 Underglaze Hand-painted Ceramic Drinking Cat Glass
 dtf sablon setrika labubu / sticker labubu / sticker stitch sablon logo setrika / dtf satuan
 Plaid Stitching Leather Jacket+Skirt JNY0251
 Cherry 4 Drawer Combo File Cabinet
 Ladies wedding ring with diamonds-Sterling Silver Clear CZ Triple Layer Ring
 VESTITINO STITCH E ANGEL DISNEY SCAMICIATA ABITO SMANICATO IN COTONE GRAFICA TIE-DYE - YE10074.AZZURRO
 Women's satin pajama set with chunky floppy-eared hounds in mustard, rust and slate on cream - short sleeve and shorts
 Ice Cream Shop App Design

==

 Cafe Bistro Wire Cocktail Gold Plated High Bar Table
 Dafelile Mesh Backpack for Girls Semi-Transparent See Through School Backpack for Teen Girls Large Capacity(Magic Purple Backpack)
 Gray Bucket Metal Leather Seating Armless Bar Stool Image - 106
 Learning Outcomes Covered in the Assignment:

PROBLEM REQUIREMENTS: Pull every line containing "with" out of the material and copy it.

COMPLETED EXERCISE:
 Ladies wedding ring with diamonds-Sterling Silver Clear CZ Triple Layer Ring
 Women's satin pajama set with chunky floppy-eared hounds in mustard, rust and slate on cream - short sleeve and shorts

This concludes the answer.